Do fado ao rockabilly com raízes em Gondomar

O fadista é natural de Baguim do Monte e interpreta, na sua maioria, temas de Neca Rafael / Foto: Pedro Santos Ferreira

O fadista é natural de Baguim do Monte e interpreta, na sua maioria, temas de Neca Rafael / Foto: Pedro Santos Ferreira

Nascido em Baguim do Monte, José Carvalho ou Zé Carvalho – como é conhecido – trabalhou na construção civil e foi taxista mas é pelo fado que é reconhecido. Não é um fado comum. É o fado com humor.
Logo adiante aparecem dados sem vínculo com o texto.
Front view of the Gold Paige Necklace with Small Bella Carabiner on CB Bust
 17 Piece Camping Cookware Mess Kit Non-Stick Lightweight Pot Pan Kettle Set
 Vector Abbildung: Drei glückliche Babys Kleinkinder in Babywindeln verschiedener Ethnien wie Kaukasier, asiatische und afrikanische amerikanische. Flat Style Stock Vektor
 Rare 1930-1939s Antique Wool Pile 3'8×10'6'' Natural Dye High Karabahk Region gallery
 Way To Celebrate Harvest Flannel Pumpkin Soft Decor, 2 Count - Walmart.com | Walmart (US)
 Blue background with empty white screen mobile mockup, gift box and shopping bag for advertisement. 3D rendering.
Tem até à data três gravações e diz que se sente “um tanto ou quanto regozijado” porque a população de Baguim do Monte “o respeita muito”. Já os The Dixie Boys andam na estrada desde 1994. A banda de rockabilly dos anos 50 já teve várias formações mas, segundo Rui Ferreira, compositor e contrabaixo, esta é a “melhor formação” da banda. Os The Dixie Boys contam com quatro álbuns editados e atualmente ensaiam na casa do vocalista Ricardo Prazeres, em Valbom. O Vivacidade esteve à conversa com três dos quatro membros do grupo.

Entrevista a Zé Carvalho:

Quando é que o fado entrou para a sua vida?
Comecei a brincar no Largo de S. Brás, quando se faziam festas e cortejos para o Centro Paroquial. Participei em várias, inclusivamente, vestido de palhaço em festas para crianças. E numa dessas festas houve um senhor que me disse: “Quero contratá-lo para o dia 4 de novembro [de 1978] porque vou inaugurar um restaurante em S. Pedro da Cova.” Eu disse que estava a cantar mas não era fadista. Esse foi o meu primeiro espetáculo. Depois, pensava que não ia continuar mas a malta começou a puxar por mim e então dediquei-me um bocadinho e continuei.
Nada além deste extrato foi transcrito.